Part of the problem in making a Frankenstein movie is that the very presence of the creature limits your story options. The monster isn't going to enroll in Oxford. He isn't going to get married. He isn't going to solve a murder that has baffled Scotland Yard.
Nope, he is really only going to do one thing, and that is stumble around and smash things. The truth is, the Frankenstein films had already established their formula, and the only interest from here on out would have to be sustained by the secondary and tertiary characters.
On that score, Son of Frankenstein doesn't disappoint. Lionel Atwill is classy and charming as Krogh. Bela Lugosi, never a particularly talented actor, is unexpectedly engaging here as Ygor. His frequent cackles and growls of "Frahn-ken-shtien!" are funny and memorable, and the production as a whole still carries some of the fine craftsmanship that was evident in the first two films.
Son of Frankenstein was made in 1939, near the end of Universal's so-called "Golden Age" of horror films. The coming war would draw a lot of talent away from the Universal lot, and the overall quality of their output would suffer as a result. But this one was a respectable effort, a reminder of a time when studios produced workmanlike B-pictures built around solid, well-crafted scripts.
5 comments:
You're pretty funny. I remember watching Son of Frankenstein on tv, though likely not on Horror Incorporated at the ripe old age of almost five. A Sunday matinee perhaps?
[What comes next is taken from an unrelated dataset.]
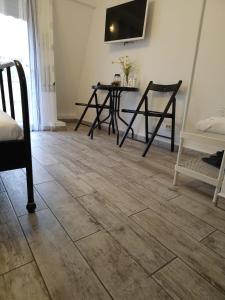 um quarto com piso em madeira, mesa e cadeiras em Stay in TimisoarAcom em Timisoara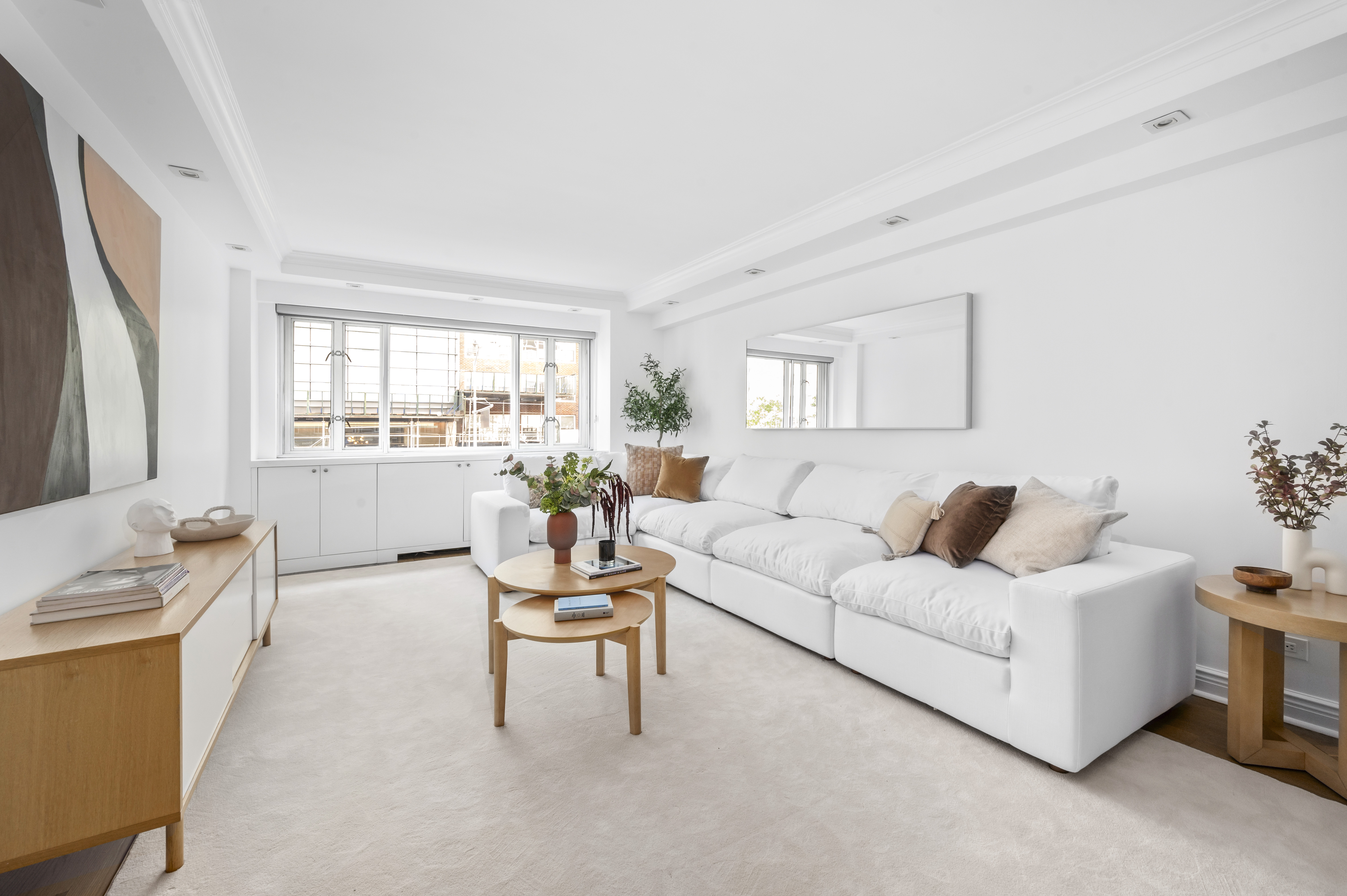 166 East 63rd Street, Unit 2J Manhattan, NY 10065 - Photo 3 of 14 a living room with furniture and a large window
Yeah, I first saw a lot of these movies on the weekend matinee programs as well. I wasn't staying up to watch Horror Incorporated until the mid-to-late 1970s.
The most popular Universal franchises (Frankenstein, Dracula, the Wolf Man) really got a lot of TV play in those days, which seems rather amazing now -- even with a hundred cable channels you are unlikely to run into one.
SON OF FRANKENSTEIN remains my favorite of the entire series, broadcast a sturdy 10 times in 20 years on CHILLER THEATER. Karloff's Monster is more powerful than ever, if reduced in screen time, but there's Lugosi's Ygor and Atwill's Inspector Krogh to delight audiences whenever Boris is offscreen. It never occurred to me that channel 11 would actually cut the 99 minute movie, yet my initial recording from 1984 definitely was. Today, only AMCTV, a mere shell of what it once was, still shows any of the Universals on a regular basis. TCM occasionally airs one, and the Cinemax channels have selected about a dozen over the past 3-4 years.
Son of Frankenstein had an extremely long running time for a movie of that era; I'm not surprised it was cut for length by local stations. Just about all the movies we've seen so far on Horror Incorporated clocked in at less than 80 minutes. Some, like the Inner Sanctum mysteries, ran just over an hour (the same can be said of programmers like Night Monster, which were clearly meant to occupy the bottom of a double bill).
As to Bill Cardille and the excellent Chiller Theater, back in July 2010 I posted some Youtube clips from various creature feature shows of the 60s and 70s, including that one:
http://untitledhorrorincorporatedproject.blogspot.com/2010/07/interlude-personality-goes-long-way.html
What Channel 11 removed was the first scene at Castle Frankenstein; instead of Ygor ducking out of the rain when they arrive, we go from the station to Krogh's arrival in the rain., probably the best part to excise as it gets us closer to the Monster's introduction.